Tutorial 6: Audio feature analysis
By default, when creating a Corpus
, the feature analysis performed on the audio
sources is an MFCC (Mel Frequency Cepstral Coefficient) analysis.
This is meant to capture the timbral characteristics of the audio sources, and
use that as a criteria for matching each segment from the target in a Mosaic
,
with possible segments from the audio sources in a Corpus
.
However, we can set which features to use when creating a Corpus
. Currently,
the available features are:
"timbre"
: equivalent to an MFCC analysis."pitch"
: equivalent to a chroma analysis.
In short, we can create a Corpus
based on timbre, pitch, or both.
The decision on which features to use will greatly depend on the types of targets
you want to use.
Here’s a quick example:
from gamut.features import Corpus
# set audio source(s) for corpus
source = '/path/to/source/audio/folder-or-file'
# create corpus based on pitch content
pitch_based_corpus = Corpus(source=source, features=['pitch'])
# create corpus based on timbral content
timbre_based_corpus = Corpus(source=source, features=['timbre'])
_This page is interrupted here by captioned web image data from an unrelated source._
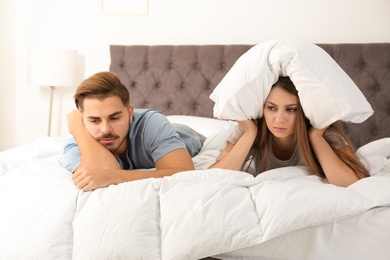 Upset young couple with relationship problems in bedroom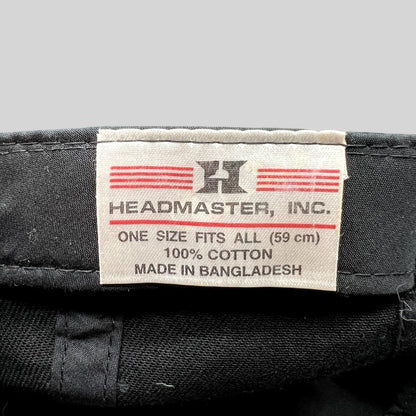 Raree Finds vintage Headmaster cotton hat interior tag with brand logo and size information on black fabric
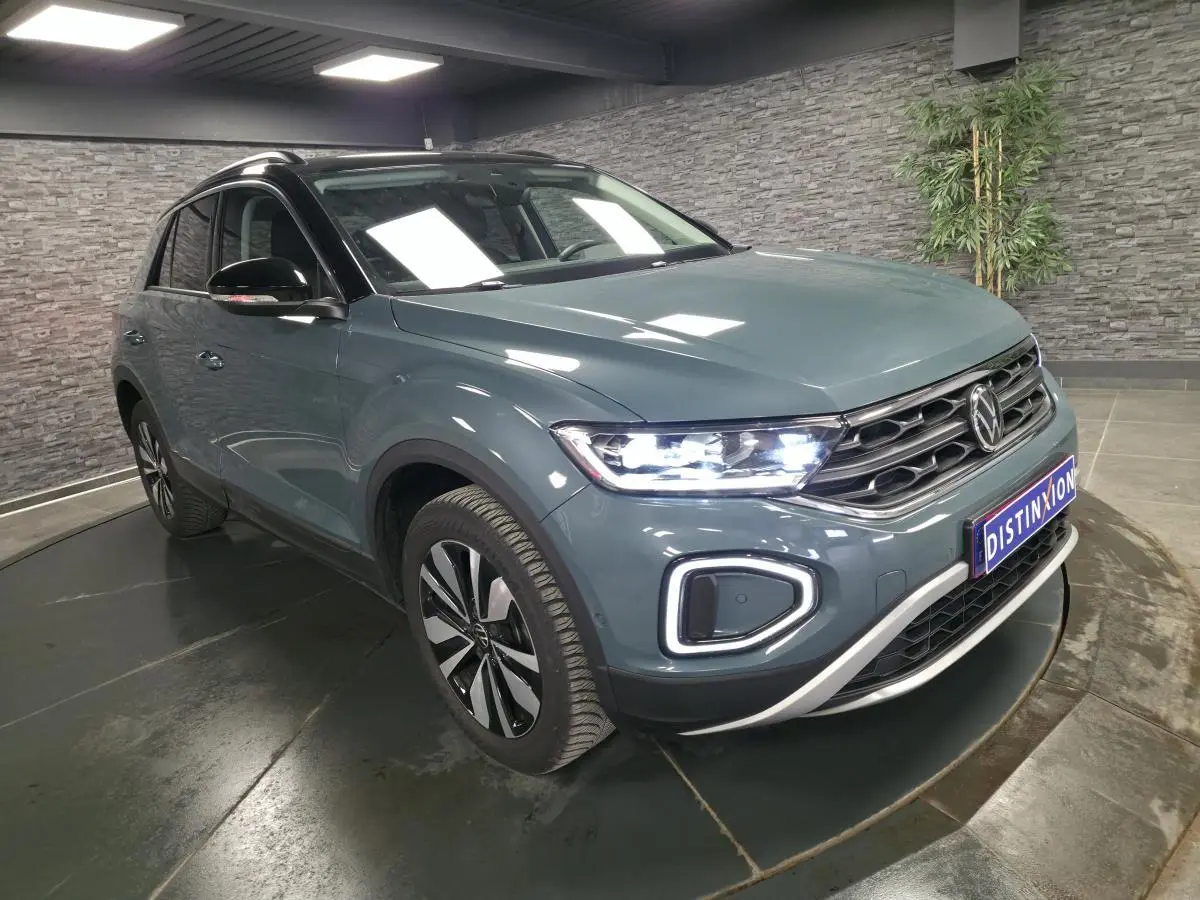 Volkswagen T-Roc bleu 3/4 avant droit avec feux LED allumés et toit noir dans un showroom.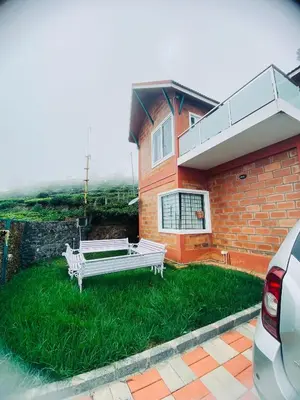 a white bench sitting in the grass in front of a house at S ELLA Residency in Kotagiri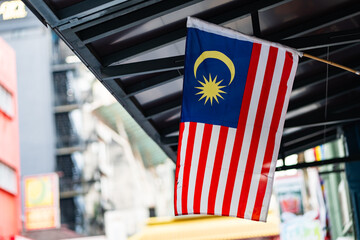 Malaysian national flag waving in the street of Kuala Lumpur, Malaysia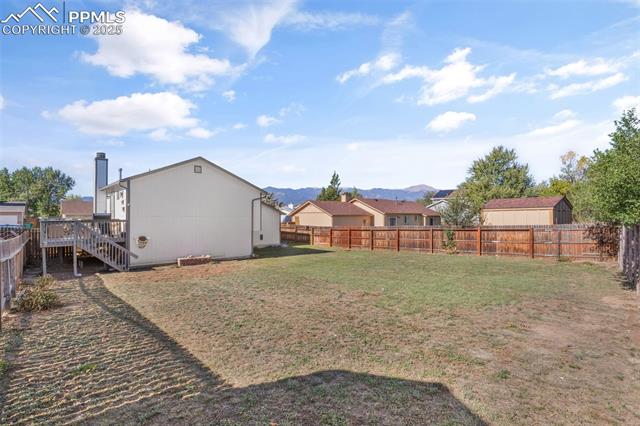 4469 Fenton Road Colorado Springs, CO 80916 - Photo 31 of 38 Fenced backyard featuring a wooden deck, and stairway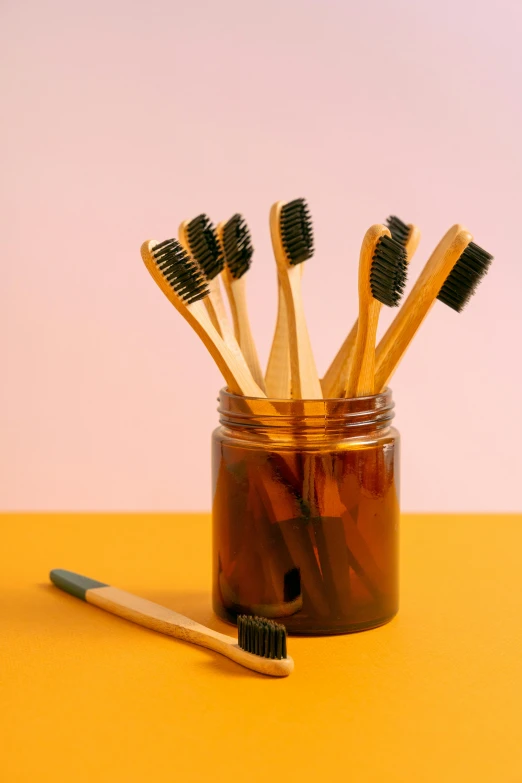 six toothbrushes that have just been placed in a jar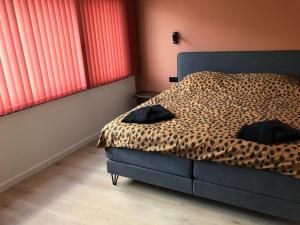 登德尔蒙德ROS'a tourist & business appartment的一间卧室设有一张豹纹床和窗户。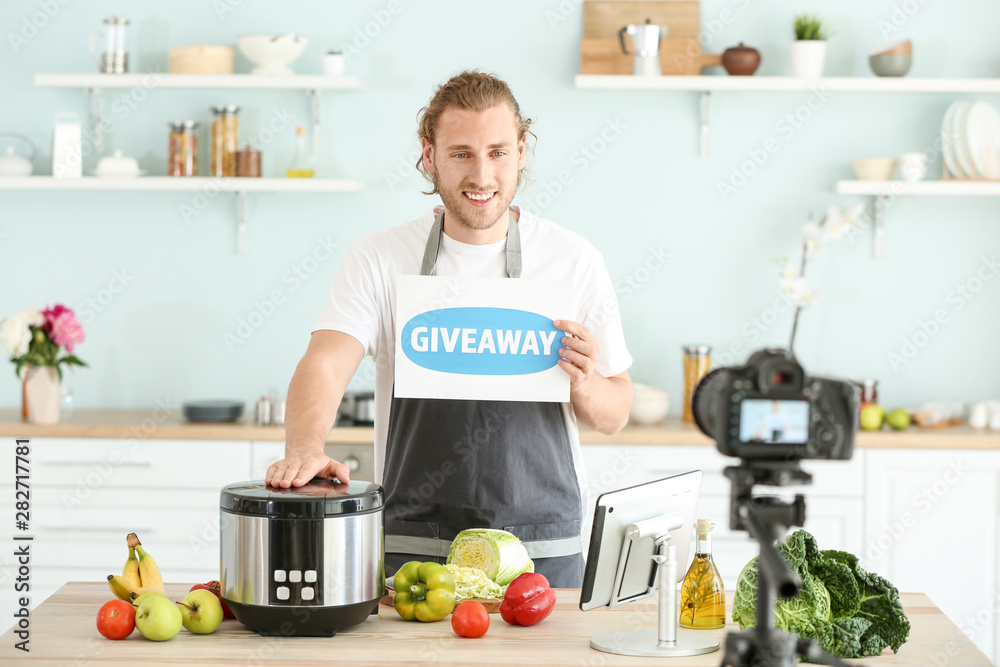 Food blogger announcing prize drawing while recording video in kitchen Food blogger announcing prize drawing while recording video in kitchen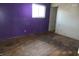 Bedroom with purple walls and wood floors needing work at 2003 Main St, Beech Grove, IN 46107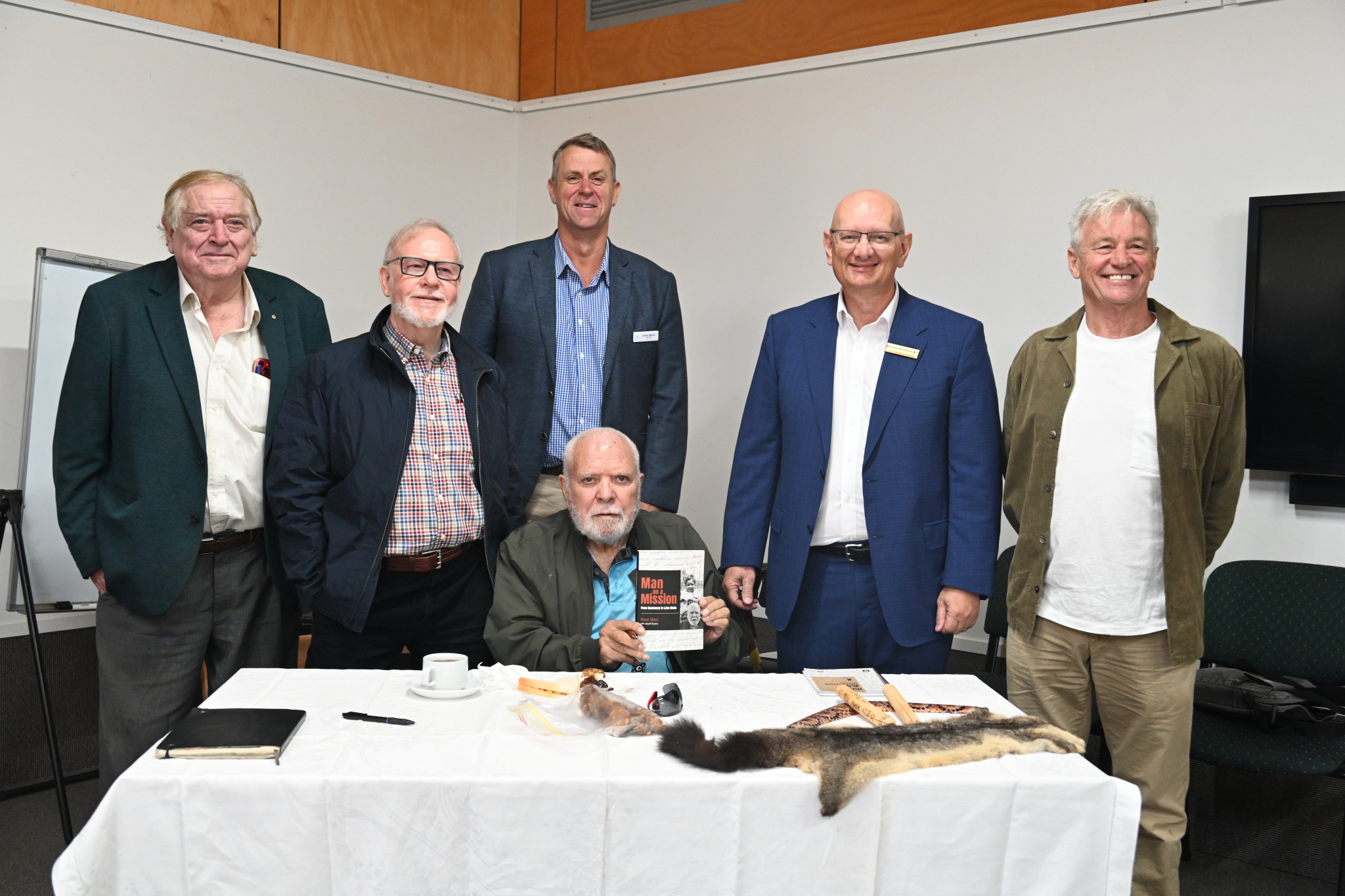 Uncle Noel (sitting) with speakers Bill Hauritz, Dr Tom Doolan, Mayor Jason Wendt, Shayne Neumann MP and co-author Geoff Evans.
# create corpus based on pitch AND timbral content
pitch_timbre_based_corpus = Corpus(source=source, features=['pitch', 'timbre'])
Note
Specifying which features to use has important implications, since Mosaic
instances are created
based on the same features used by the input Corpus
instance(s).
Similarly, when combining Corpus
instances as input for a Mosaic
, it will only work if all of them were created
on the same features.